The Mechanism of Rituximab/Graphene Oxide Complex-Mediated Cytotoxicity
It remains incompletely understood how RTX/GO kills target cells. The results show that the highest valence of RTX in RTX/GO gives rise to the strongest cytotoxicity.7 As CD20 crosslinking causes CD20 capping, and reorganisation of the actin network is required for capping,63 the actin polymerisation inhibitor, latrunculin B (LatB), was tested in a RTX/GO-cytotoxicity assay. LatB completely abrogated RTX/GO-induced cell death, indicating that the actin network is involved in the cytotoxicity.7 Anti-major histocompatibility complex Class I (HLA-A/B/C) and Class II (HLA-DR) mAb W6/32 and L243 were also used to generate mAb/GO complexes. HLA-DR is a lipid raft-associated protein whereas HLA-A/B/C are located outside of lipid rafts.64 W6/32/GO induced limited Raji cell death; on the other hand, L243/GO killed the target cells as extensively as RTX/GO.7 These results suggest that lipid raft-associated proteins are involved in RTX/GO-mediated activity. Given the previous report that the actin network plays a role in controlling location and function of lipid raft proteins, the protective activity of LatB might result from interruption of relocation of lipid-raft proteins. Calcium (Ca) influx is required for RTX/GO-mediated killing as Ca2+ chelator alleviates the cytotoxicity. RTX/GO also induces strong reactive oxygen species in the target cells and blocking reactive oxygen species production prevents the cell death (unpublished data). All the results indicate that potent cytotoxicity of RTX/GO results from a combined action of CD20-crosslinking-induced intracellular activity and biological activity of GO.

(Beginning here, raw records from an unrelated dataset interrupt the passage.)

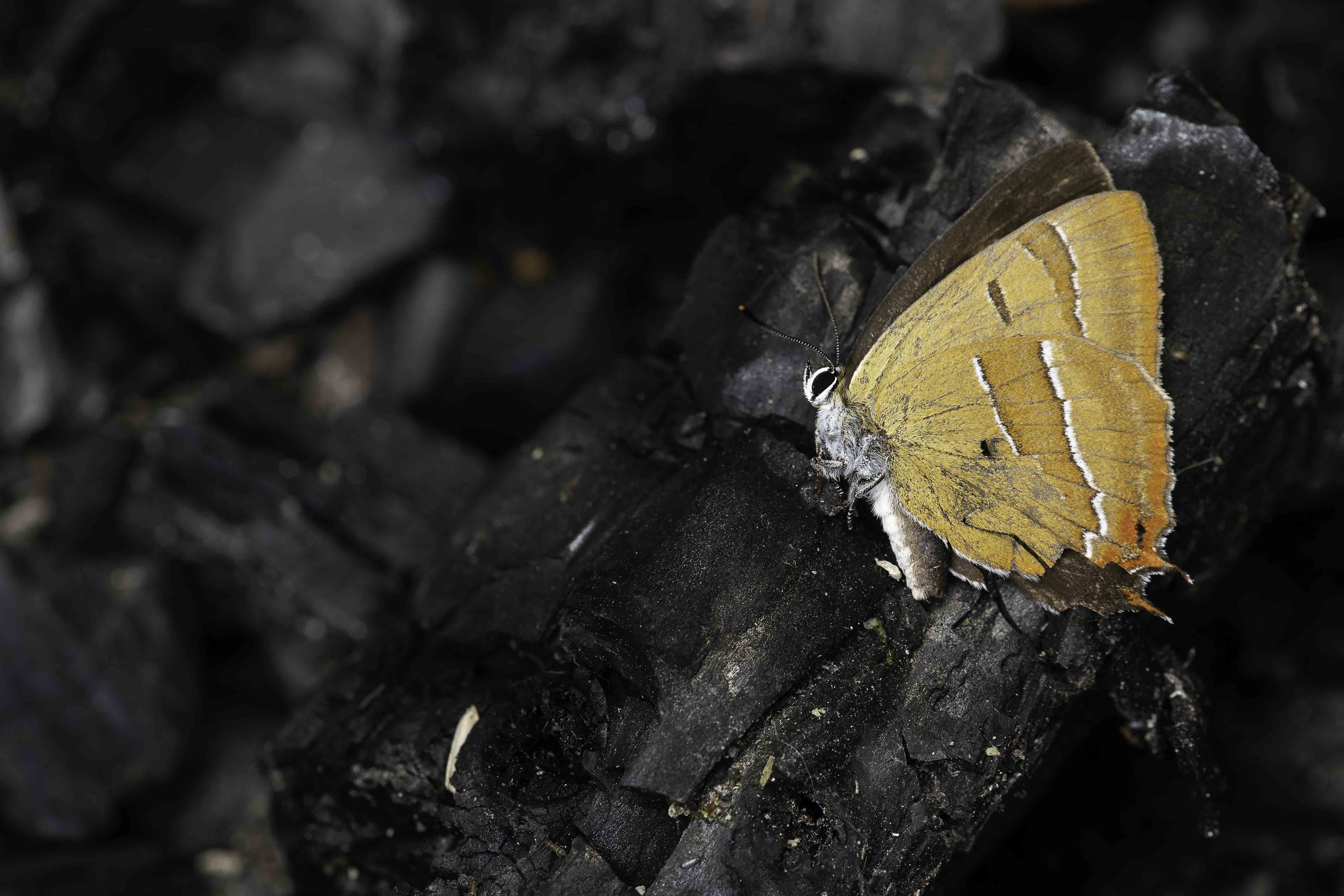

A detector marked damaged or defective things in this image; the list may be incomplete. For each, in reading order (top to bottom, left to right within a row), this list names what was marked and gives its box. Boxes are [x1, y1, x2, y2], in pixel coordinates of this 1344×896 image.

burnt wood piece [262, 72, 1333, 896]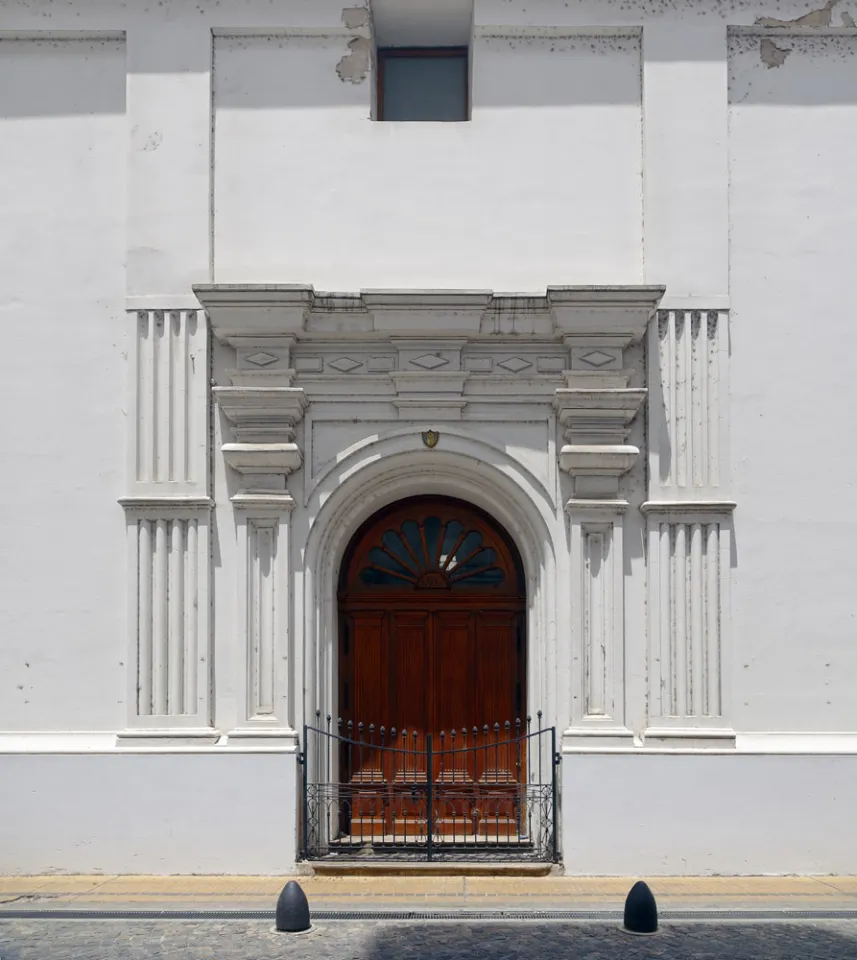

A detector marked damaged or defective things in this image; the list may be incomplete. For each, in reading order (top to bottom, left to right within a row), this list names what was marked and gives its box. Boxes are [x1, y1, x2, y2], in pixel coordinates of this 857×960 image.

peeling paint [342, 5, 368, 29]
peeling paint [760, 0, 840, 27]
peeling paint [336, 35, 370, 83]
peeling paint [760, 37, 792, 67]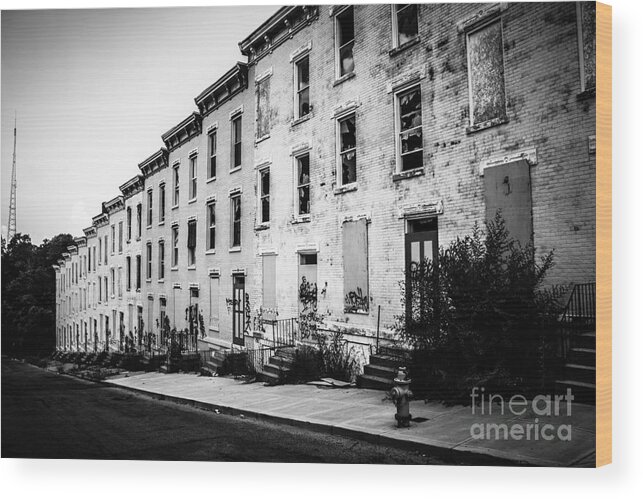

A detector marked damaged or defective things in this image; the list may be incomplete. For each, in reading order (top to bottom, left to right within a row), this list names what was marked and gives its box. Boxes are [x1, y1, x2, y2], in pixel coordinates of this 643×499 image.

window with broken glass [334, 6, 354, 77]
window with broken glass [394, 4, 420, 47]
window with broken glass [468, 19, 508, 129]
window with broken glass [338, 113, 358, 186]
window with broken glass [394, 86, 426, 172]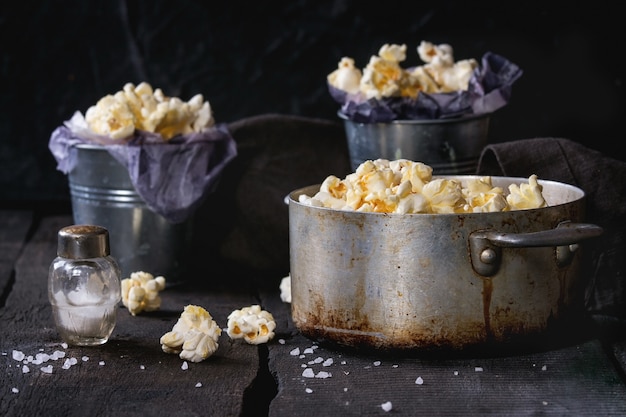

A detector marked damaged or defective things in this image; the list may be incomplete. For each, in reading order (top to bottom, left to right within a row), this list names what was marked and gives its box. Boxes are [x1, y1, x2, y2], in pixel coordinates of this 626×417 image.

rusty metal pot [286, 176, 600, 352]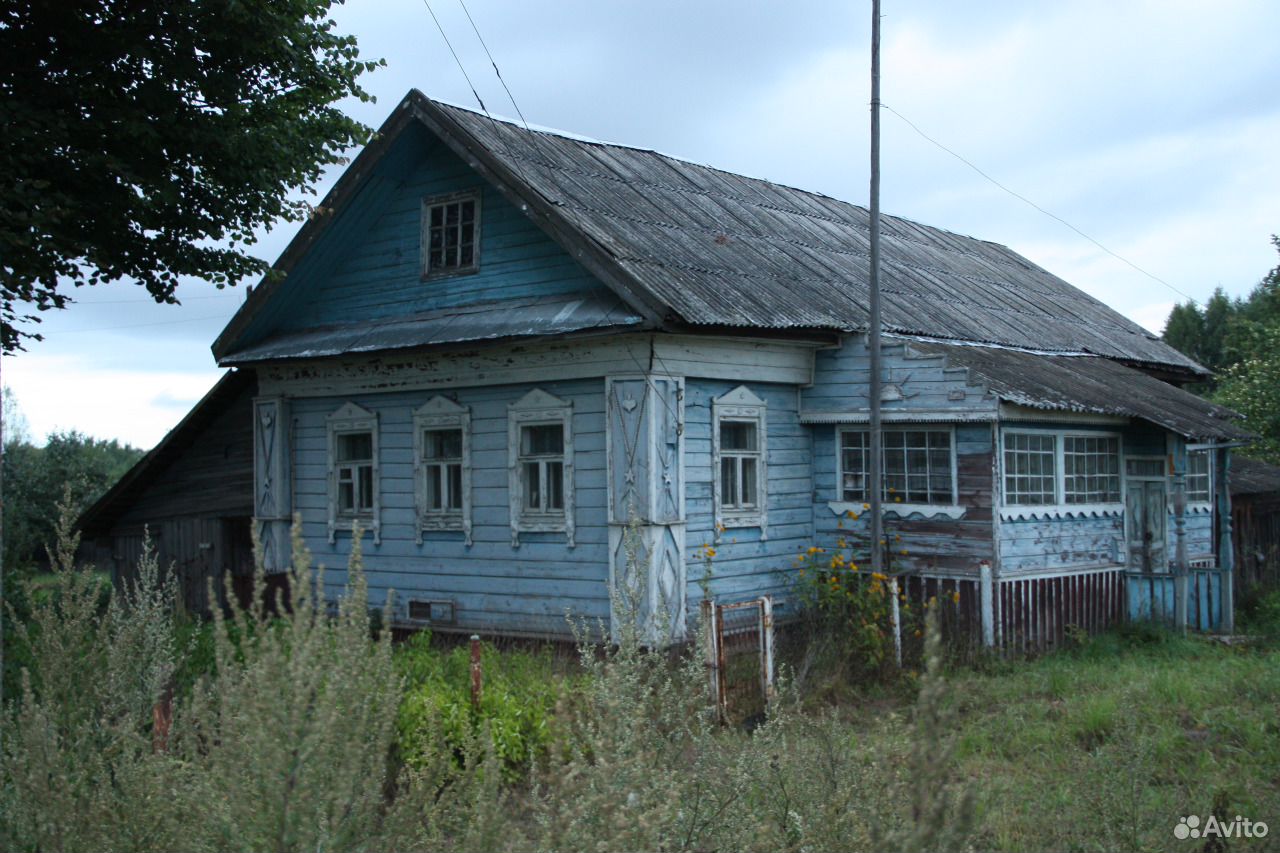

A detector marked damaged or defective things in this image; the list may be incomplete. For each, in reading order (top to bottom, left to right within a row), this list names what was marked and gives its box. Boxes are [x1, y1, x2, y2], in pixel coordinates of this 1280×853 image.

rusty metal gate [706, 594, 773, 722]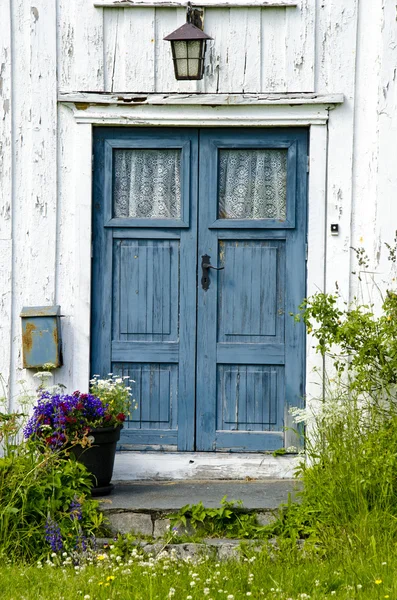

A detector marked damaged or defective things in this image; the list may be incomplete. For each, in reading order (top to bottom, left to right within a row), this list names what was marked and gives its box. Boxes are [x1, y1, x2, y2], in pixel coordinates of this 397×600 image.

rusty metal mailbox [20, 308, 62, 368]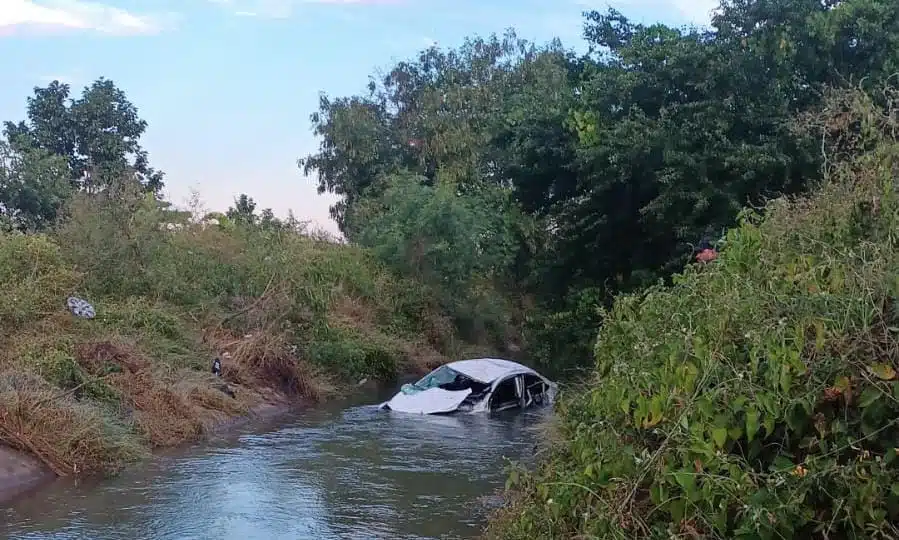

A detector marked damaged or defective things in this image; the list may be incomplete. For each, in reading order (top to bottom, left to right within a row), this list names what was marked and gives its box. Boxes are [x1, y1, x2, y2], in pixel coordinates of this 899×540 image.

crumpled car body [378, 358, 556, 414]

Rituximab/Graphene Oxide Complex Rapidly Eliminates Established Burkitt Lymphoma in Vivo
The therapeutic potential of RTX/GO in vivo was studied in immunodeficient NODragkoγko (NRG) mice that were intravenously transplanted (Burkitt lymphoma) with Raji cells. As NRG mice are deficient in T, B, and NK cells along with a defective complement system and macrophage activity,65 they constitute an ideal animal model for the evaluation of RTX/GO therapeutic activity in the absence of host effector mechanisms such as CDC and ADCC. To determine whether RTX/GO could eliminate established lymphoma, the treatment was not initiated until the 8th day of Raji cell transplantation, when extensive lymphoma infiltrates were identified in the bone marrow and liver.7 The mice were treated intravenously every 2–3 days for a total of four treatments. When analysed 3 days after the last treatment, extensive lymphoma infiltrates were identified in the bone marrow of the PBS, GO, and RTX-treated animals, but not in RTX/GO-treated mice. The Raji cell counts in the bone marrow of GO and RTX-treated mice were similar to that of PBS-treated mice. Infiltrating lymphoma was identified in all the PBS, GO, and RTX-treated mice but not in any of the RTX/GO-treated mice. No pathological abnormalities nor any evidence of morbidity was identified in the RTX/GO- treated mice.7 The in vivo results demonstrate that RTX/GO has the capacity to diffuse out of the blood circulation, penetrate through the tissue to reach target cells, and rapidly eliminate established lymphomas in the absence of host effector mechanisms.
DISCUSSION AND CONCLUSION
The findings with RTX/GO demonstrate a new strategy to substantially improve therapeutic activity of RTX. While CD20-crosslinking-induced cell death has been reported to be apoptotic, RTX/GO kills by necroptosis. Necroptosis might provide a therapeutic advantage because faulty apoptotic pathways often contribute to therapy resistance. The serum half-life of RTX/GO may be shortened compared to that of free RTX, according to previous reports;66,67 however, an extended serum half-life may not be necessary for the RTX/GO therapeutic effect, as RTX/GO appears to eliminate lymphoma rapidly. Elimination of established lymphoma in the NRG hosts is unique to RTX/GO therapy. The results suggest effectiveness of RTX/GO therapy in patients with compromised host effector mechanisms. More importantly, the independence on toxic chemo-agents of RTX/GO therapy implicates protection of the host immune cells that are critical in antitumour immunity and maintenance of durable remission. Clearly, much is yet to be understood regarding RTX/GO, including the mechanism of cytotoxicity, pharmacological kinetics, side effects, and clinical efficacy. In a more recent study, GO-associated anti-HER2 Ab complex, trastuzumab/GO, demonstrated the ability to directly kill HER2lo cancer cells,61 similar to RTX/GO. Therefore, the data taken together indicate that noncovalent association of antitumour Ab with GO might constitute a highly effective methodology to enhance efficacy.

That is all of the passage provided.